Syrian children living in makeshift tents light sky lanterns as the civil war in Syria enters its 11th year in Betinte village of Idlib, Syria, March 11, 2021. /Getty
Editor's Note: Dr. Wang Jin is a research fellow of Charhar Institute in China and an associate Professor from Northwest University in China. The article reflects the author's opinions, and not necessarily the views of CGTN.
When the Syria crisis broke out in March 2011, many observers once believed that Syria was a part of Arab Spring, and held opinions that Syria would witness political transformation as what has happened in Tunisia, Libya and Egypt.
However, after a decade of civil war, Syria has become the center of Middle Eastern instabilities and competitions. The solution to solve the Syrian crisis is still difficult to find, given that there are many obstacles both inside and outside Syria. In the near future, no one can see an end for the unrest of Syria.
Syria has witnessed the failure of false illusion of Western interventions. Upholding the slogans of "helping Syrians," "democracy," and "equality," the West started to intervene Syria's internal affairs in early 2011, and turned the Syrian crisis into an international battlefield.
However, after a decade of conflict, the interests of interventions from the West have largely declined, while humanitarian assistance and support from the West are very limited.
The Syria crisis suggests the urgent needs of international assistance. After a decade of civil war, nearly 5.5 million Syrians fled to other states, while another 6 million Syrians were forced to leave their hometowns and find new lives in other cities and provinces inside Syria. International assistance is far from enough to help refugees both inside and outside Syria. Peace-building efforts must focus on building viable livelihoods for the poorest families as well as supporting communities to become more resilient. International supports are highly and urgently needed.
Syria crisis continues its deadlock situation. The unity of the country is challenged by local militias and administrations in northern Syria.
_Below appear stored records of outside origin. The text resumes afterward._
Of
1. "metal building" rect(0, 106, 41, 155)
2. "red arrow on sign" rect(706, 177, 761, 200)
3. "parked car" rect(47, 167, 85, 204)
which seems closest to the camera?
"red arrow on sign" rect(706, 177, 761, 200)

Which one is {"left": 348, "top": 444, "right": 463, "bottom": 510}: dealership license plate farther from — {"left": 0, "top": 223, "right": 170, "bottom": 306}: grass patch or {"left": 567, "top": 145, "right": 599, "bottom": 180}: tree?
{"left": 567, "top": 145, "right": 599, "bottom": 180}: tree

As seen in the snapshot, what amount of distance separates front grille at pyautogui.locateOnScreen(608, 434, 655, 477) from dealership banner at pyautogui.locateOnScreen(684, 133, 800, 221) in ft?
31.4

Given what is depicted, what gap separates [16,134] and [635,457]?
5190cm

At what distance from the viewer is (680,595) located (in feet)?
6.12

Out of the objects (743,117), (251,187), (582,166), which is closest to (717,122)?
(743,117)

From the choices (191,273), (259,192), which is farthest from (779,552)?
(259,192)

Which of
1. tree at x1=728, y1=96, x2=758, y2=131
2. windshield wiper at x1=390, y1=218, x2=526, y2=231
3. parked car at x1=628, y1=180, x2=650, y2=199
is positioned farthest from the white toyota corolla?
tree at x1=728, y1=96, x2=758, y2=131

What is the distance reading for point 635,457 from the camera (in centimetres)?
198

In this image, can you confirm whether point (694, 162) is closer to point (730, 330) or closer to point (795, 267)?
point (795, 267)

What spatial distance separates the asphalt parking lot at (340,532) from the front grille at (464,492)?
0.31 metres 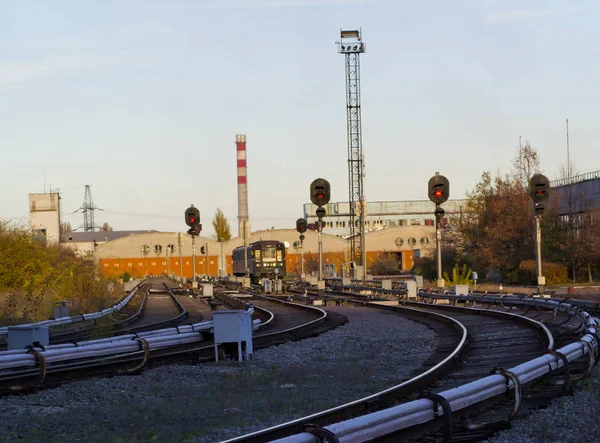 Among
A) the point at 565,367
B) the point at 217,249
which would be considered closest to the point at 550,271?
the point at 565,367

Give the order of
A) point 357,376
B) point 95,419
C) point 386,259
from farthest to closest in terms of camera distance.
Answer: point 386,259
point 357,376
point 95,419

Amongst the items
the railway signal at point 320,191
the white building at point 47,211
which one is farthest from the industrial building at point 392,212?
the railway signal at point 320,191

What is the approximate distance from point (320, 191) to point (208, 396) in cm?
2284

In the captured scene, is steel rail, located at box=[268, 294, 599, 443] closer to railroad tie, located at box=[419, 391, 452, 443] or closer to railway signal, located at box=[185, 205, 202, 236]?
railroad tie, located at box=[419, 391, 452, 443]

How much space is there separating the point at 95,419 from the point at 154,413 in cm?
62

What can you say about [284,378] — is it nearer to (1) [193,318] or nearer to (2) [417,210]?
(1) [193,318]

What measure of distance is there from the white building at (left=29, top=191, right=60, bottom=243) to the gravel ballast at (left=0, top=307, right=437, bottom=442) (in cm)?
9315

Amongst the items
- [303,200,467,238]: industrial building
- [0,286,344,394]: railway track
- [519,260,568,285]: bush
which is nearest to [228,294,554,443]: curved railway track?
[0,286,344,394]: railway track

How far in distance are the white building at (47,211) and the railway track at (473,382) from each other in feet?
293

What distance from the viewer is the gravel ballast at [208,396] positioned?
8522 millimetres

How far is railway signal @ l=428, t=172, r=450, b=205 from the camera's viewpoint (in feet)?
97.7

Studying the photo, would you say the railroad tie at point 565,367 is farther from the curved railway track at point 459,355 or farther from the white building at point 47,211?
the white building at point 47,211

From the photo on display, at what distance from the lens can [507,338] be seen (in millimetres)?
17062

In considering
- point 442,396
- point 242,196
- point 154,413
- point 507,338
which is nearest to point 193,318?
point 507,338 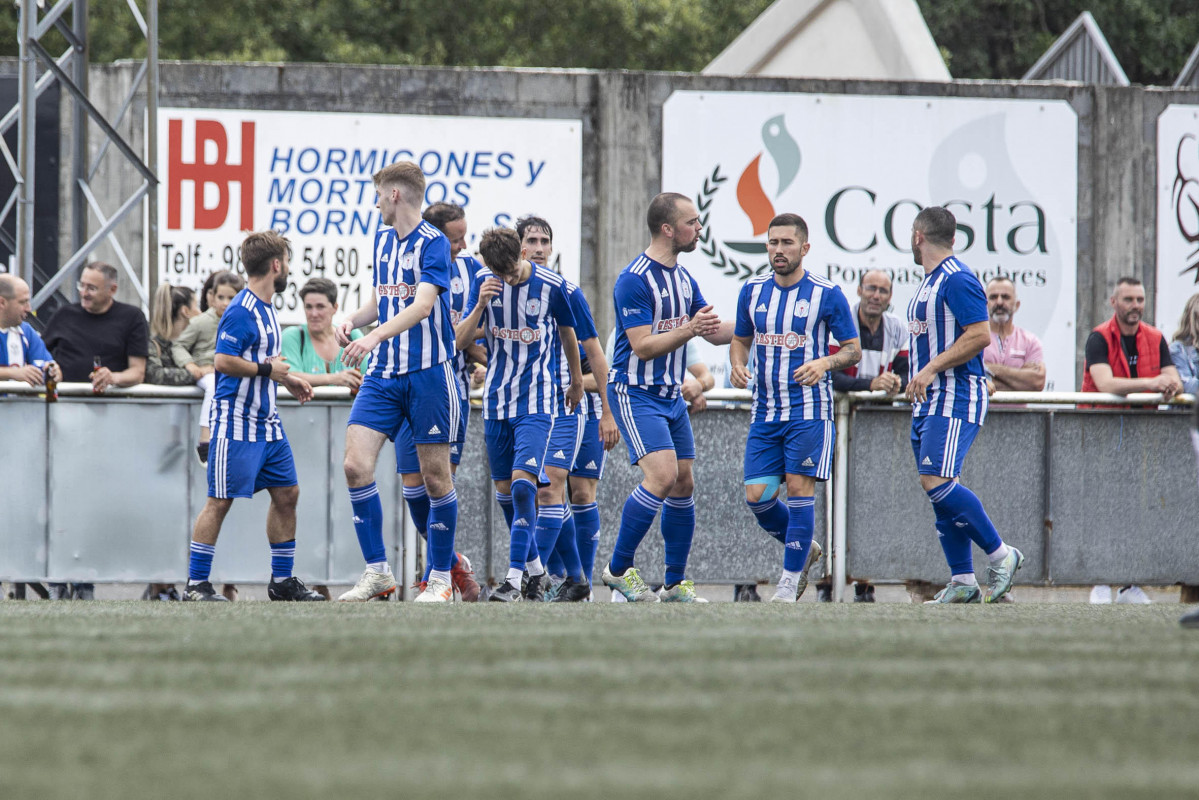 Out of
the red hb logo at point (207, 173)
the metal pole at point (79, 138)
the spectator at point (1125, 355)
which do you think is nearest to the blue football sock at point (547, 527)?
the spectator at point (1125, 355)

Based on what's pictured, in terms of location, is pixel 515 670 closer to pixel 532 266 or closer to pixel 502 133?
pixel 532 266

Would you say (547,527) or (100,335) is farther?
(100,335)

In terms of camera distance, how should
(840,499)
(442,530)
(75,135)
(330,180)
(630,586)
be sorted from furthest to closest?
1. (330,180)
2. (75,135)
3. (840,499)
4. (630,586)
5. (442,530)

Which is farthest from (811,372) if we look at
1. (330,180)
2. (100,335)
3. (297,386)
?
(330,180)

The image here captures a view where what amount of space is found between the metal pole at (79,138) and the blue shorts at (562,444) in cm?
517

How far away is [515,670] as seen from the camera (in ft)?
15.0

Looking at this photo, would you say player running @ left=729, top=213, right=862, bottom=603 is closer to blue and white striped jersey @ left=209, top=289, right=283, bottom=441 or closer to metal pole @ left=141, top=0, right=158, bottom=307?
blue and white striped jersey @ left=209, top=289, right=283, bottom=441

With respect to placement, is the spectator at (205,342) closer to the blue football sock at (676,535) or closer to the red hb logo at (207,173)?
the blue football sock at (676,535)

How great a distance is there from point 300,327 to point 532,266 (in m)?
2.57

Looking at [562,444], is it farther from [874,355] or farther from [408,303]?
[874,355]

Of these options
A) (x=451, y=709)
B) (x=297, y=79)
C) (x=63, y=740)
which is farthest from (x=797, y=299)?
(x=297, y=79)

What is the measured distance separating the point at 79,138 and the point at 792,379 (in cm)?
696

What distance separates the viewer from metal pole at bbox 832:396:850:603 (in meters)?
10.2

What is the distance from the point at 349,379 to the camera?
395 inches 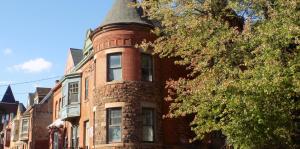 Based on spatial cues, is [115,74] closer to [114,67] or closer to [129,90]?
[114,67]

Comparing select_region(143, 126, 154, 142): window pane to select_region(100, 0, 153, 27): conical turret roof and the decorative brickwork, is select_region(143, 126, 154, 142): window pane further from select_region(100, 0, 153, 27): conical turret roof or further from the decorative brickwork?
select_region(100, 0, 153, 27): conical turret roof

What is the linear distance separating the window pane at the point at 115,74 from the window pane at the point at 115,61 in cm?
25

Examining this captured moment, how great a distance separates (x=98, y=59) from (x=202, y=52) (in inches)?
424

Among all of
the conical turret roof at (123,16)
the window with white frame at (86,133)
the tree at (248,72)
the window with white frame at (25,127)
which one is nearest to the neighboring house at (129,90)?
the conical turret roof at (123,16)

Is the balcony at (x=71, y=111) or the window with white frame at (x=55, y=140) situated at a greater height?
the balcony at (x=71, y=111)

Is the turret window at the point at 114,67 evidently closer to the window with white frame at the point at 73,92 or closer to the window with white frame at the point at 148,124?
the window with white frame at the point at 148,124

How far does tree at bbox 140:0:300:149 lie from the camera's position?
16.4 meters

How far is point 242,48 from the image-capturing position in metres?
18.3

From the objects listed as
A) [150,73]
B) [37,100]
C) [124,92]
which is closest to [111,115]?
[124,92]

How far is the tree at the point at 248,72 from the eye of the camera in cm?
1641

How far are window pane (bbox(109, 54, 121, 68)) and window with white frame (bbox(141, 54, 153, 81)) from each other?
1.50 m

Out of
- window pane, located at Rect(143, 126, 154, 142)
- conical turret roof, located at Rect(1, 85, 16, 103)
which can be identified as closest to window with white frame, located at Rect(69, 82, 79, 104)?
window pane, located at Rect(143, 126, 154, 142)

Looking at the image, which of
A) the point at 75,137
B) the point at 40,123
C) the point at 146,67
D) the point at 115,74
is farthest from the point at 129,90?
the point at 40,123

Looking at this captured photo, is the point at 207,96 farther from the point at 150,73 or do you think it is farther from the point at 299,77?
the point at 150,73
Rebels hold parts of the state's territory and established local administrations and councils. Rebels and opposition groups do not recognize the legitimacy of Syrian government, while the Syrian government perceives rebels as "terrorists." This has become the major obstacle for internal unity and prevents political reconciliations.
Destructed buildings are seen in Maarat al-Numan, the second largest city in Idlib Province in northwestern Syria, January 30, 2020. /Xinhua
The political solution for Syria crisis faces obstacles. The divisions among major parties of Syrian issue are salient. Russia hopes to help reach agreements between Syrian government and opposition groups, while the U.S. and Europe encourage Syrian opposition groups to reject the legitimacy of the Syrian government. Political dialogues between the Syrian government and opposition groups are difficult to make breakthroughs.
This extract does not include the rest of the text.